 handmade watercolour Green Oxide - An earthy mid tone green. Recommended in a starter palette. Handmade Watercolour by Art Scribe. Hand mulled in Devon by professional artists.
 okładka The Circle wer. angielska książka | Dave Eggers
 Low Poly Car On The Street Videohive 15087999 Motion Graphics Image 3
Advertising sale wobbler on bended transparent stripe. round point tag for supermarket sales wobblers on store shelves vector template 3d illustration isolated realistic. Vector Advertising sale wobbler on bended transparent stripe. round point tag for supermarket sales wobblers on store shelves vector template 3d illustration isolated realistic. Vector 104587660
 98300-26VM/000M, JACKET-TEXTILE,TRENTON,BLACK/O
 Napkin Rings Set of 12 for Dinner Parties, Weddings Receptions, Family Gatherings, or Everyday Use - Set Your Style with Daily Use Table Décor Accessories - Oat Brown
---
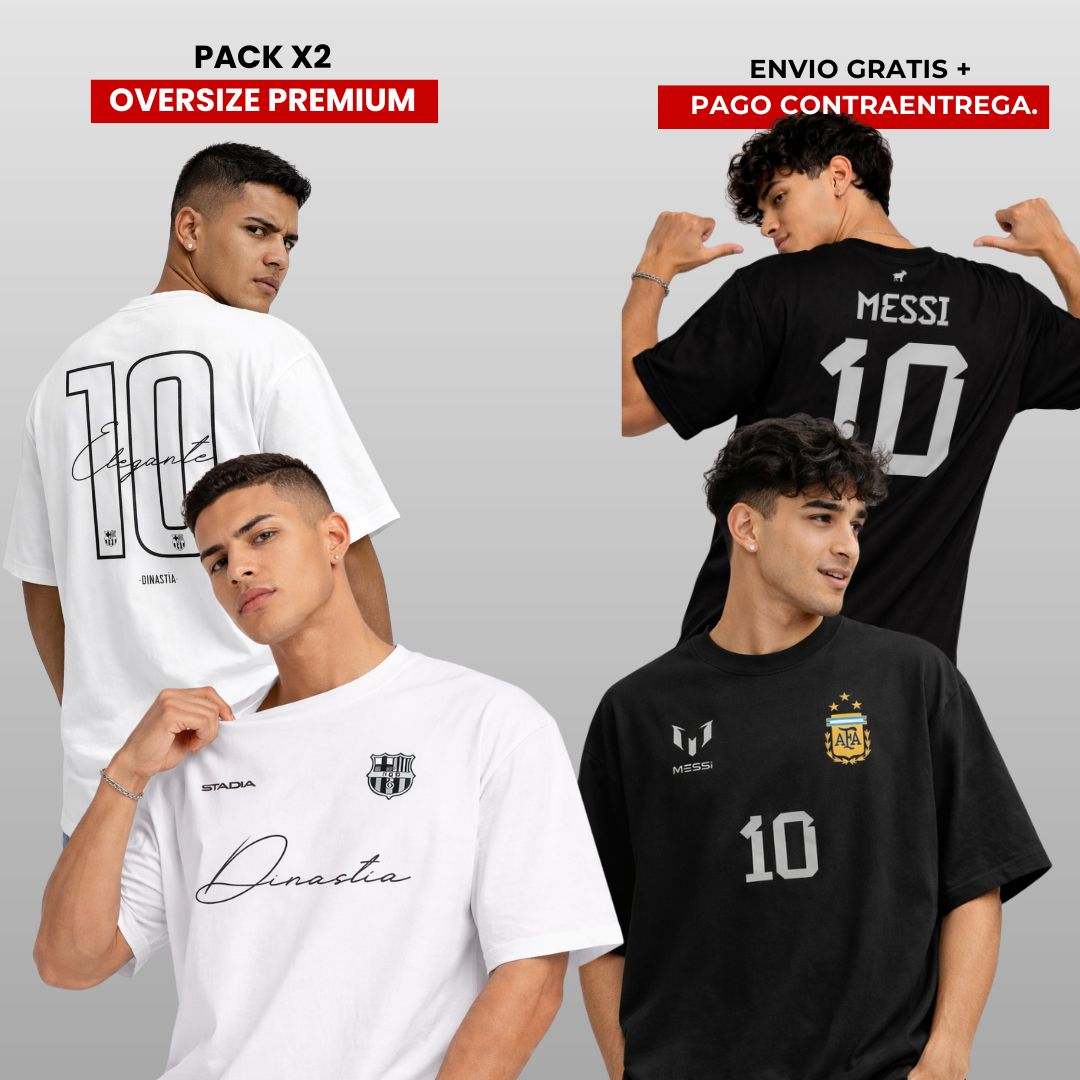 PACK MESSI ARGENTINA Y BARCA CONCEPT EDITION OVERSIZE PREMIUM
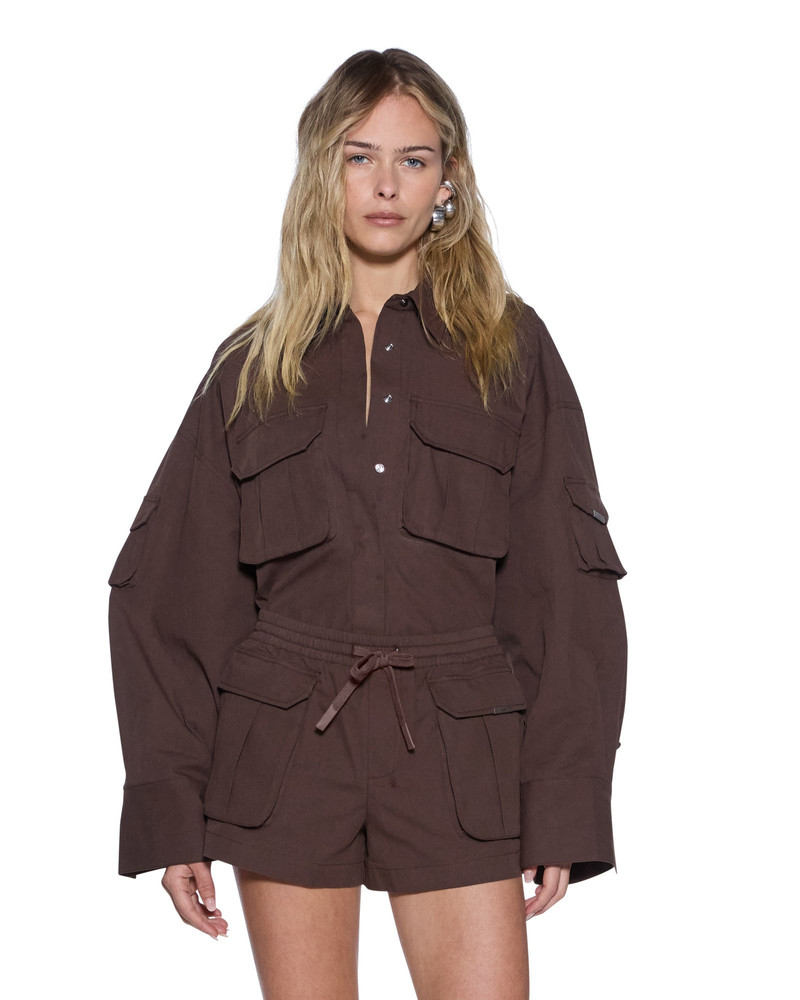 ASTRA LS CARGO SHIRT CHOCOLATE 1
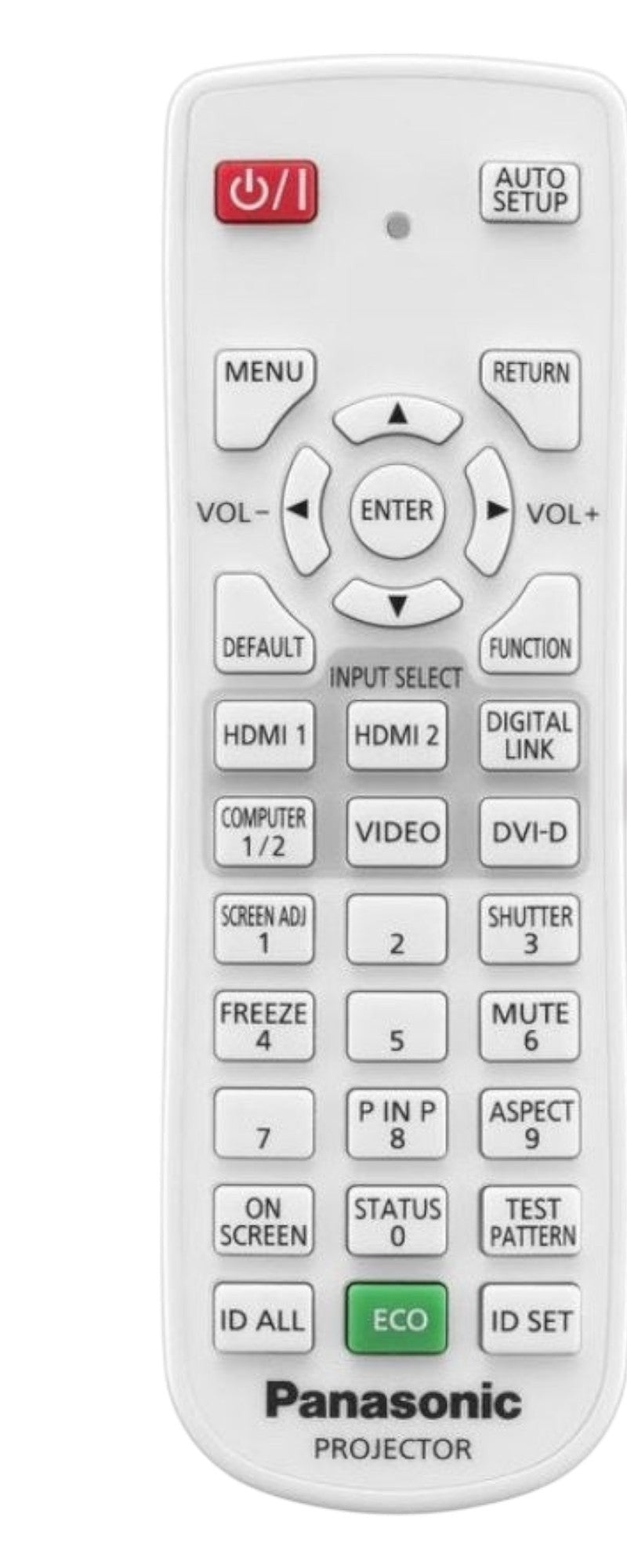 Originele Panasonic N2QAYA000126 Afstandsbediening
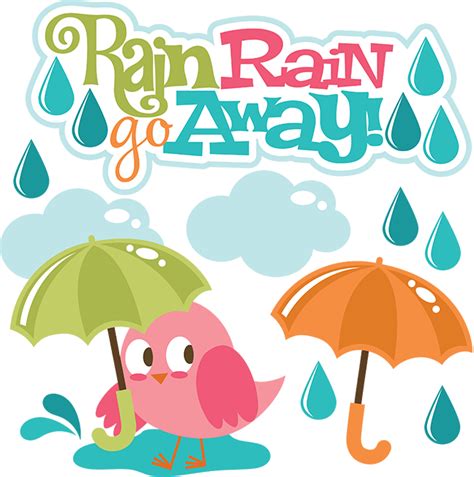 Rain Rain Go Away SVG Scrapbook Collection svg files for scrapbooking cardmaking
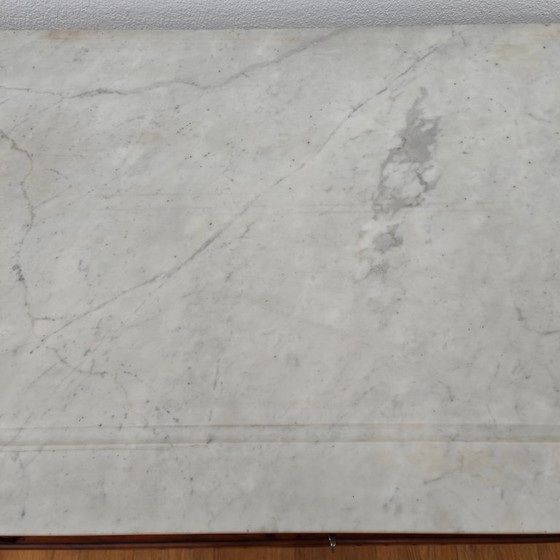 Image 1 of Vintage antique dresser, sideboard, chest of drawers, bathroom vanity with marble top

— EXERCISE DIRECTIONS —
An exact copy of the lines above between the line holding "realistic. Vector 104587660" and the line holding "Napkin Rings Set", inclusive, is the whole answer.

— ANSWER FOR THIS EXERCISE —
Advertising sale wobbler on bended transparent stripe. round point tag for supermarket sales wobblers on store shelves vector template 3d illustration isolated realistic. Vector Advertising sale wobbler on bended transparent stripe. round point tag for supermarket sales wobblers on store shelves vector template 3d illustration isolated realistic. Vector 104587660
 98300-26VM/000M, JACKET-TEXTILE,TRENTON,BLACK/O
 Napkin Rings Set of 12 for Dinner Parties, Weddings Receptions, Family Gatherings, or Everyday Use - Set Your Style with Daily Use Table Décor Accessories - Oat Brown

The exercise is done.